Lo sabía todo sobre él: los numerosos detalles de su trayectoria desde Arkansas hasta Memphis, sus compañeros de borrachera, sus matrimonios, sus altibajos, sus fotografías, sus gestos y, por supuesto, las letras de sus canciones. Asya, a los dieciocho años, convirtió la letra de «Thirteen» en el lema de su vida y decidió que ella también había nacido en el alma del sufrimiento y causaría problemas dondequiera que fuese.
Ese día, cuando cumplía diecinueve años, se sintió más madura al tomar nota mental de otra realidad de su vida: ahora había alcanzado la edad que tenía su madre cuando ella nació. No sabía qué hacer con este descubrimiento; lo único que sabía era que a partir de entonces ya no podrían tratarla como a una niña.
De manera que gruñó:
– ¡Os lo advierto! ¡Este año no quiero tarta de cumpleaños!
Con los hombros cuadrados y los brazos en jarras, olvidó por un instante que cada vez que adoptaba esa postura sus enormes senos se proyectaban hacia delante.

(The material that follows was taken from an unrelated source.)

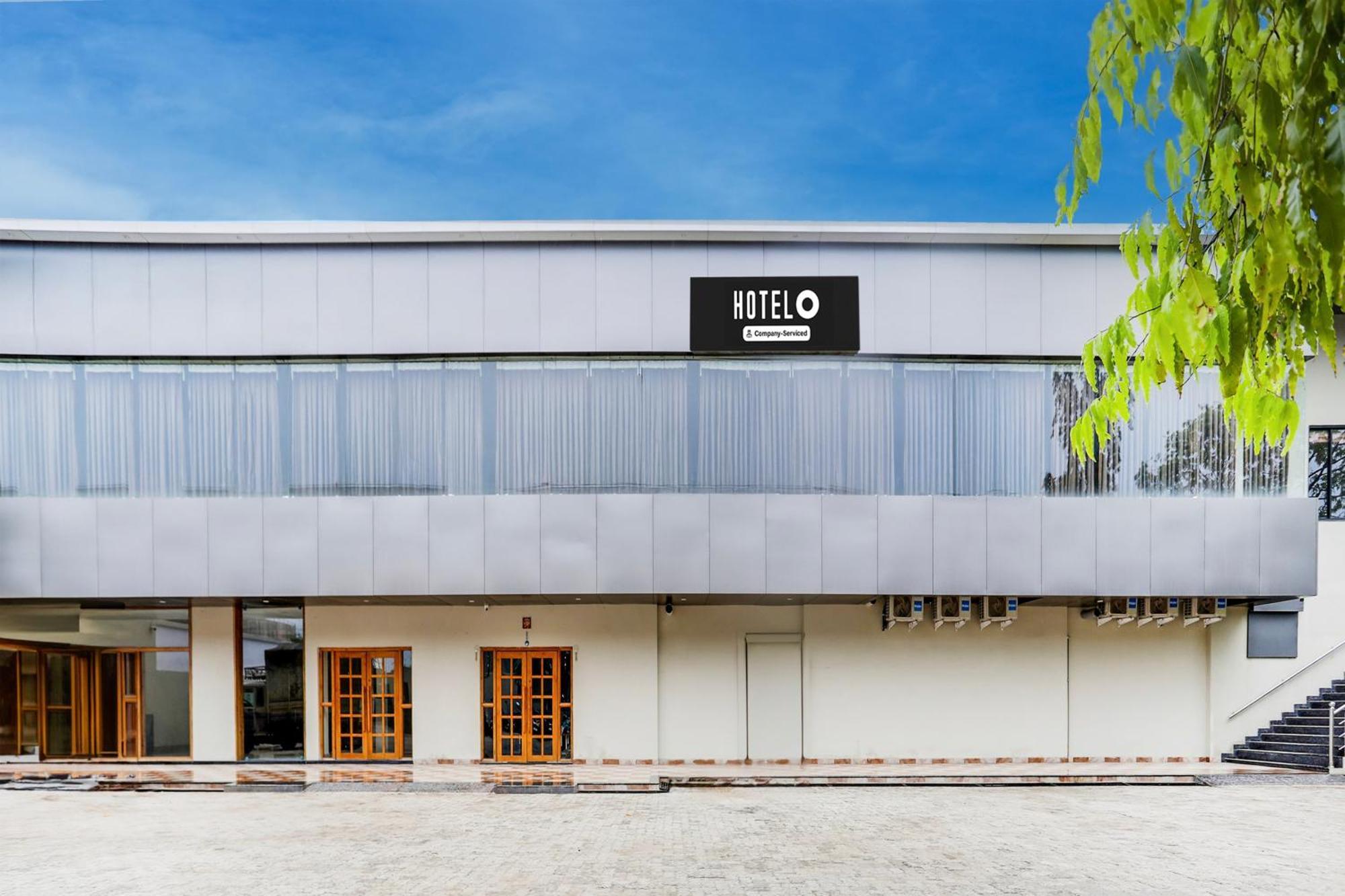 Hotel Super Hotel O Pardi Near Kalamna Market 4*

De haberlo advertido, seguramente habría vuelto a encorvarse; aborrecía su generoso pecho, que consideraba otra carga genética heredada de su madre.
A veces se comparaba con la críptica criatura coránica Dabbetul Arz, el ogro que emergería el día del Juicio Final, cuyos órganos eran cada uno de un animal diferente. Arrastraba, como aquel ser híbrido, un cuerpo compuesto de partes inconexas heredadas de las mujeres de su familia. Era alta, mucho más alta que la mayoría de las mujeres estambulíes, como su madre, Zeliha, a quien también llamaba «tía»; tenía los dedos huesudos con finas venas de la tía Cevriye, el molesto mentón puntiagudo de la tía Feride y las orejas de elefante de la tía Banu. Su nariz era descaradamente aguileña; como la suya solo había habido otras dos en la historia del mundo: la del sultán Mehmed el Conquistador y la de la tía Zeliha. El sultán Mehmed había conquistado Constantinopla, un hecho, se quisiera o no, lo bastante importante para eclipsar la forma de su nariz. En cuanto a la tía Zeliha, su personalidad era tan imponente y su cuerpo tan cautivador que nadie vería su nariz (ni, de hecho, ninguna otra parte de su cuerpo) como una imperfección. Pero Asya, que no contaba con ningún logro imperial y sufría una incapacidad natural para encandilar a nadie, ¿qué demonios podía hacer con su nariz?